The CFPB also released calendars showing that Mulvaney, who is also Director of the Office of Budget and Management, worked on CFPB matters for only 10 days during the month of January. Mulvaney is noted as having met with the Conference of State Bank Supervisors and U.S. Treasury Counselor Craig Phillips. On Jan. 18, Mulvaney had a lunch with "Republican chief of staff."
CNBC reported Feb. 23 that members of the Business Roundtable, including JPMorgan Chase & Co. Chairman and CEO Jamie Dimon, had a private dinner with Trump at the White House on Feb. 22. The high-profile executives reportedly discussed concerns over the administration's rhetoric on the North American Free Trade Agreement.
At the Fed
The Federal Reserve's Board of Governors still has four of its seven spots unfilled, and at least one Fed official is publicly sharing his concerns over the vacancies.
Atlanta Fed President Raphael Bostic said Feb. 22 the vacancies make it "much more difficult" for the U.S. central bank to complete its wide array of tasks. The board has not dropped down to three members since its current structure began in 1936.

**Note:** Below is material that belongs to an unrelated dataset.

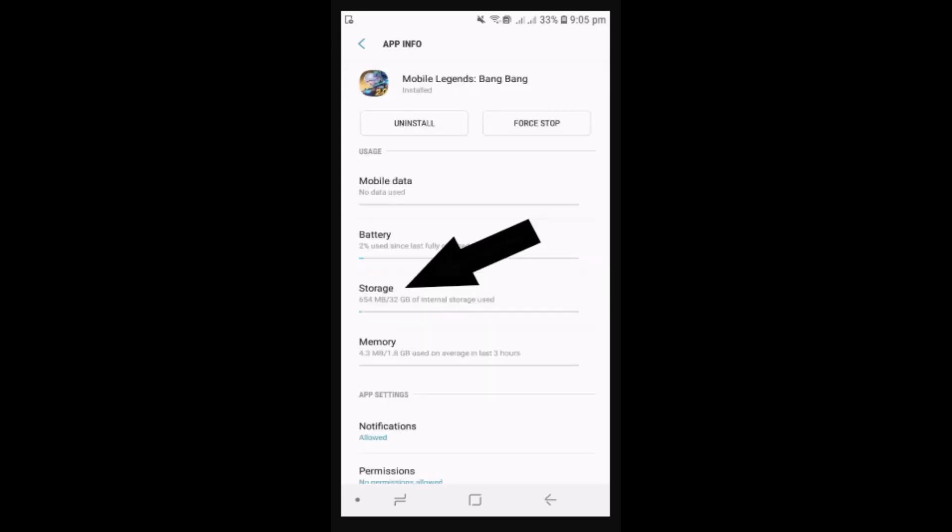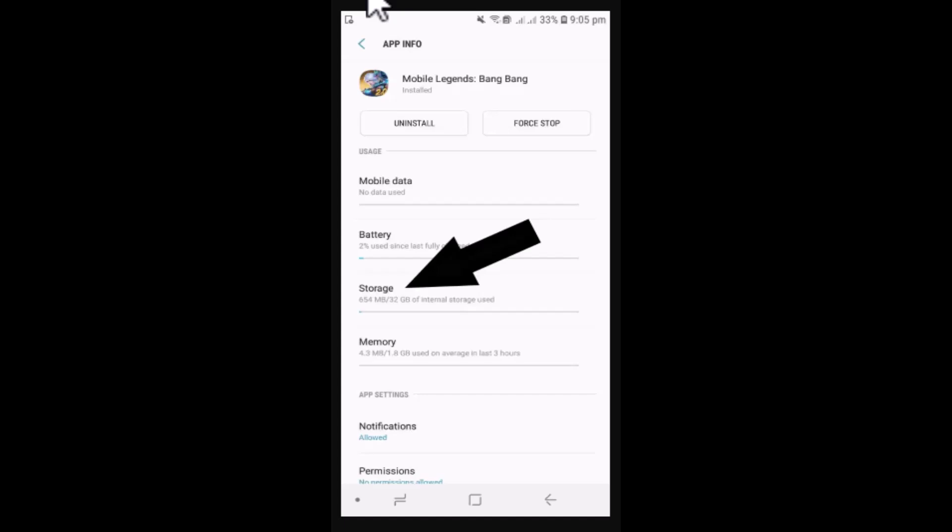As you click on Mobile Legend, you'll be directed to app info and right in between there is an option as Storage. You need to click on it. Now you need to clear data as well as clear cache. Clear cache and data will automatically log you out of your device or your account.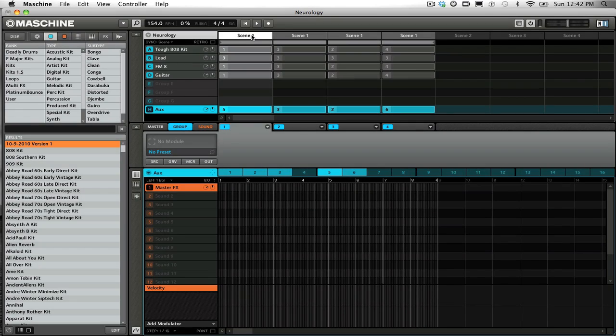What's going on, y'all? It's Jay Myrex, and I'm back with another machine tip. Today's topic is master effects automation. In this tutorial, I will show you how to use MIDI controlled effects such as the Finger as a master bus effect in Machine.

Bostic also commented on the state of the Consumer Financial Protection Bureau, given the changes and tone that Mick Mulvaney has brought as acting director. Bostic acknowledged some critics' concerns over the CFPB's aggressiveness under its former leader, but said the agency's creation was valuable and sparked a more public debate about consumer interest issues.

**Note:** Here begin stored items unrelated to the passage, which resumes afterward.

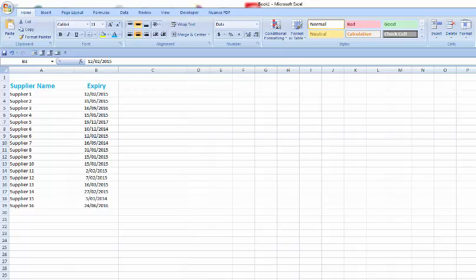Welcome to this quick tutorial on how to set up a colour alert in your approved supplier list. The first thing you need to do is make sure that you have an approved supplier list already set up.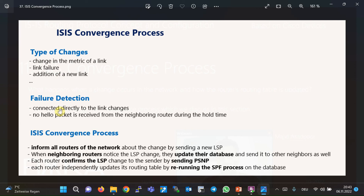In ISIS routing protocol, routers that are directly connected to a changed link will see the changes without the help of ISIS and will notify all routers in the network by sending a new LSP. Of course, sometimes changes are observed with the help of ISIS — for example, when no hello packet is received from a neighboring router during the hold time.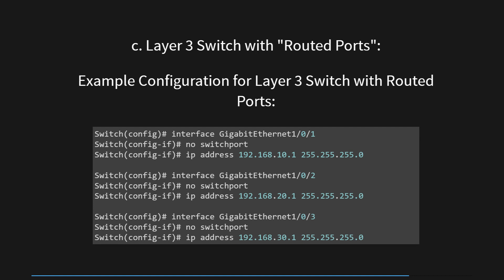Some high-end Layer 3 switches offer physical interfaces that can be configured for routing, similar to a traditional router. These are called routed ports. By using routed ports, you can achieve inter-VLAN routing without needing SVIs. In this configuration, the switch's GigabitEthernet 1/0/1, GigabitEthernet 1/0/2, and GigabitEthernet 1/0/3 interfaces are configured as Layer 3 interfaces. The 'no switchport' command removes the interfaces from Layer 2 switching mode, effectively converting them into routed interfaces. Afterward, IP addresses are assigned to each interface, allowing the switch to operate as a Layer 3 device capable of routing traffic.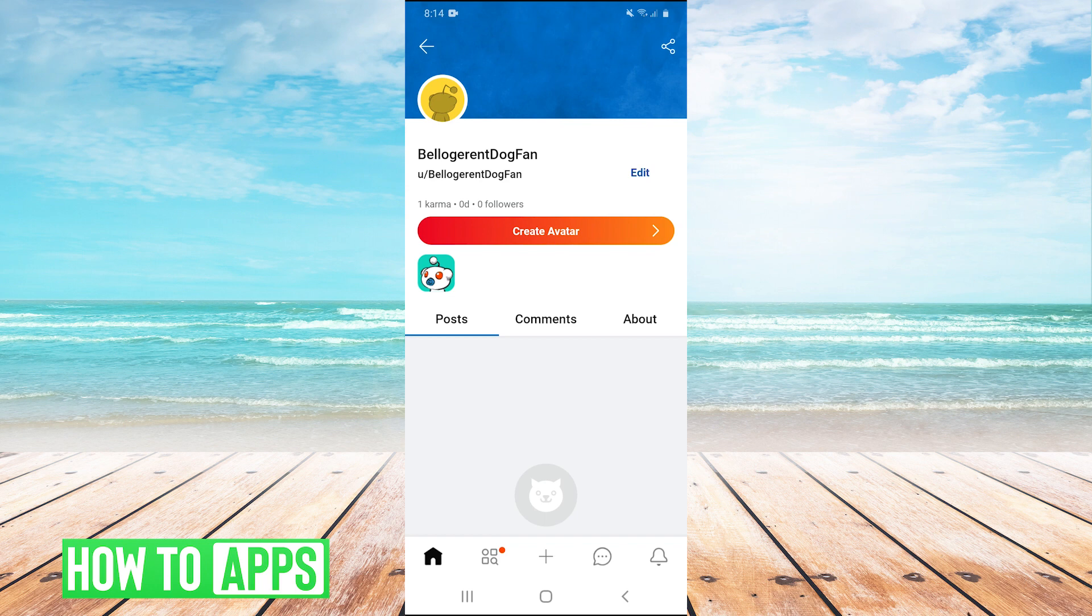So if you've already changed your username once or set your username, whichever way you want to look at it, the only way to change your username at that point would be to create a new Reddit account.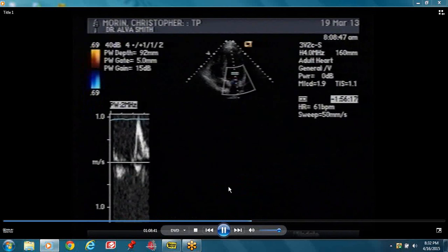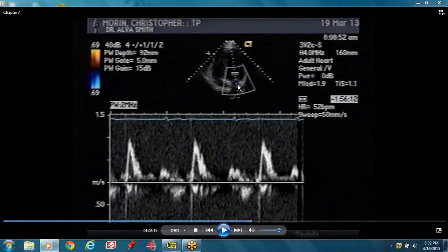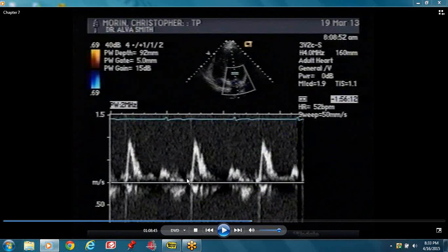We put our cursor across the mitral valve and we get what we call the mitral inflow. The cursor is across the mitral valve and the point of interest is just at the tip of the leaflet. Blood is flowing from the left atrium across the mitral valve into the left ventricle, that's why it's inscribed above the baseline because the flow is moving towards the transducer. We have our E-velocity — that's because of the suction. When the mitral valve opens, there is rapid movement of blood from the left atrium into the left ventricle, giving us this E-wave.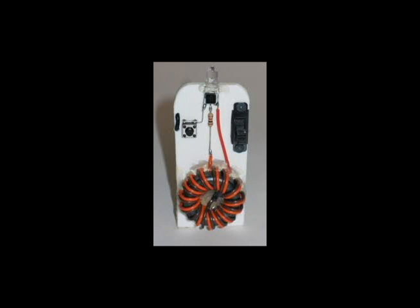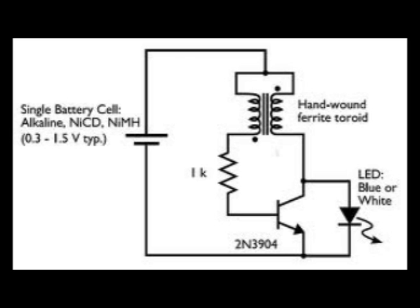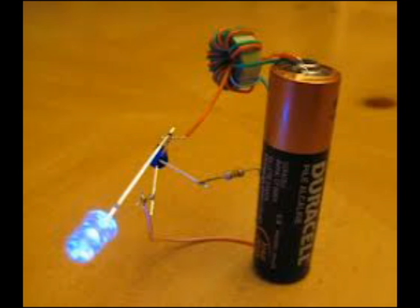A Joule Thief is a very simple electronic circuit that amplifies voltage and turns DC into AC. Take a half-dead old battery and try to light an LED with it. Nothing. But through the circuit, it has more than enough.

Also this week, Randal Quarles, the Fed's vice chairman for supervision, downplayed the volatility in the stock market and highlighted the "growing sense of economic optimism" in the U.S. The recently passed tax overhaul, he added, may also boost the economy by furthering demand and investments.
Fed officials agree that the tax cuts will help, though they are not sure how much yet. The minutes from the Federal Open Market Committee meeting last month show several participants "expressed considerable uncertainty" about the tax changes' effects, though they say their business contacts list the tax law as a major reason behind their growing optimism.
Meanwhile, President Donald Trump's administration highlighted the recent wave of wage increases and bonuses in the Council of Economic Advisers' annual report.
The report says the major benefits to workers were expected to come in the long term as business capital investments raised productivity and then wages. The shorter-term announcements, the report added, are "also rational in a tightening labor market" as companies look to retain their workers with a compensation increase.